PHARMACEUTICALS: FDA Cracks Down On Claims
As drugmakers rush to tap the ever-growing market of preventive treatments for breast cancer, osteoporosis and heart disease among postmenopausal women, competition is heating up between pharmaceutical manufacturers and the FDA is cracking down on what it says are misleading claims. The FDA has issued warning letters to two companies for what it alleges are "inaccurate assertions [that] could endanger women's health" in their advertising. Zeneca, the manufacturer of tamoxifen, which is approved for lowing the risk of breast cancer in high-risk postmenopausal women, was told by the FDA to halt ads in consumer magazines because "it had wrongly omitted mention" of side effects, including blood clots and a slightly increased risk of uterine cancer. And Eli Lilly & Co., the manufacturer of Evista, which is approved for the treatment of osteoporosis, "was said to have implied that Evista could prevent breast cancer." In addition, Zeneca has filed suit against Lilly, charging that "Lilly's sales representatives had falsely told doctors that Evista could prevent breast cancer and has created a widespread misperception that Evista could be used in place of" tamoxifen. Lilly has countersued and demanded that Zeneca cease making the accusations. The New York Times reports that the "warnings to Libby and Zeneca are striking because the companies are the first to jockey for position in an enormous and potentially lucrative new market: cancer prevention" (Grady, New York Times, 3/28).
Advertising Games
The warning letters to Lilly and Zeneca are only a few of the crackdowns by the FDA since the surge of direct-to-consumer advertising.

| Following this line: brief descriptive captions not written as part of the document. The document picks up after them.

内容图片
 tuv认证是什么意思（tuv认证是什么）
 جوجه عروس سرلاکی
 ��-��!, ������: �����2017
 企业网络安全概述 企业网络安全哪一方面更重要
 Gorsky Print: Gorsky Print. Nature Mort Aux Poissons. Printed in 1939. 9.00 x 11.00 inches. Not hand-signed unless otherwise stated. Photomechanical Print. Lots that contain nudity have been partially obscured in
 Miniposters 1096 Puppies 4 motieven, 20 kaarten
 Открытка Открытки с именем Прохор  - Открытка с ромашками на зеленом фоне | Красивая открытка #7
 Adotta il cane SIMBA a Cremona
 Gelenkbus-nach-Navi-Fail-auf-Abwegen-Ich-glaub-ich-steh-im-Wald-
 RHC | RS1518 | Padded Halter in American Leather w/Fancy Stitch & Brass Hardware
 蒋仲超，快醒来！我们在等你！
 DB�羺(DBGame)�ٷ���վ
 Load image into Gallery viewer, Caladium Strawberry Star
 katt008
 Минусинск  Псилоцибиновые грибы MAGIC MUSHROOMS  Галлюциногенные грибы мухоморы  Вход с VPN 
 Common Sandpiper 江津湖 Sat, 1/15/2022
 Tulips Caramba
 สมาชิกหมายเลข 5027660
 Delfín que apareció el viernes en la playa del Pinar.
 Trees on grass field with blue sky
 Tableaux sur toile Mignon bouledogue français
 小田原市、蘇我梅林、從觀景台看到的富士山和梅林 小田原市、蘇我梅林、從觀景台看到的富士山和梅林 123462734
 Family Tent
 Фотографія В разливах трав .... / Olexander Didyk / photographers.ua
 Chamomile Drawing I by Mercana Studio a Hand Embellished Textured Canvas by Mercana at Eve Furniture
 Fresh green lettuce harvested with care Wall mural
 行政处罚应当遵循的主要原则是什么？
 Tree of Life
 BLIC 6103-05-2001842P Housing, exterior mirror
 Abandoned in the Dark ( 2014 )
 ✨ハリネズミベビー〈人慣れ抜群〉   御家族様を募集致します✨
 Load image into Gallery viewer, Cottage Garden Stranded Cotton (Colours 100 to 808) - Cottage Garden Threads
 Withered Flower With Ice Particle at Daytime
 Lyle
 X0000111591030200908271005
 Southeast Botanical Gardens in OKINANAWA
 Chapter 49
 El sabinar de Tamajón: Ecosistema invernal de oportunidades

The New York Times reports that the FDA has "repeatedly reprimanded drug companies in recent months after finding that they have made false or misleading claims in television commercials and magazine advertisements." However, the Times reports that "an exhaustive review of more than 100 agency letters asserting violations of federal drug-advertising standards shows that, in practice, the agency often operates as an editor, criticizing the text and the design of advertisements, including details like the size of type." The agency often objects to ads in which information is presented in a confusing manner or in which the benefits of the drug are overstated (Pear, 3/28).